Noch kläglicher – ja regelrecht schäbig – ist das Verhalten der deutschen Regierung und der EU-Bürokratie. Kein Wort über die Vertreibung und Ermordung tausender Armenier durch von der Türkei gesponserte islamistische Söldner und Terrorbrigaden. Uns erscheint ja inzwischen dieses „Nie wieder!“, die propagierte „Staatsräson“ – u.a. in dem Fall des Schutzes von Juden – ohnehin als wahrhaft verlogen. Der deutsche Außenminister, der angeblich „wegen Auschwitz“ in die Politik gegangen ist, agiert mit dröhnendem Schweigen in diesem Konflikt. Die bundesdeutsche Politik war und ist ja, wenn es um Muslime versus Juden oder Christen ging und geht, schon je auf der Seite der Feinde unserer Kultur und Lebensart.

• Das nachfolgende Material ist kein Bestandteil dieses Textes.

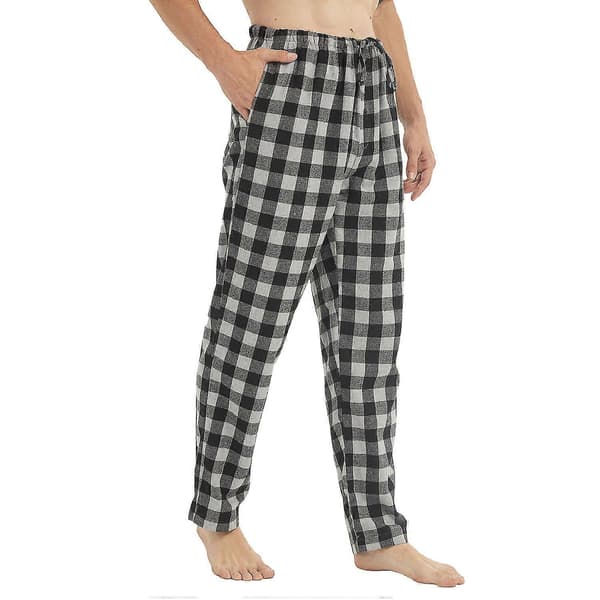 1-pack herrflanellpyjamasbyxor i bomull, rutiga loungebyxor Medium Black-Gray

Henryk M. Broder hat es in einem Beitrag diese Woche treffend ausgedrückt, wie schäbig und schämenswert dieses Verhalten ist und spricht gar von einem Alptraum in seiner Empfindung – und wie treffend: dass dieses Ereignis den Deutschen an „ihren verfetteten Ärschen vorbei geht“.
Wie wahr!
Von Henryk Broder darf ich ganz bestimmt annehmen, dass er Franz Werfel gelesen hat. Für jeden gebildeten Deutschen gehören die Werke von Werfel in den Kanon bedeutender deutscher Literatur, und besonders der Roman „Die vierzig Tage des Musa Dagh“, in dem der Völkermord an den Armeniern und der armenische Widerstand auf dem Berg Musa Dağı aufgezeigt wird. Ich sehe die Notwendigkeit einer über die jüdische Rezeption hinausgehenden, neuerlichen Befassung aller gebildeten Deutschen und christlichen Europäer mit diesem Roman bzw. mit dessen Gegenstand. Aber auch hier wird man mit Schweigen rechnen müssen. Auch das „Feuilleton“ wird sich mit „Wichtigerem“ befassen wollen.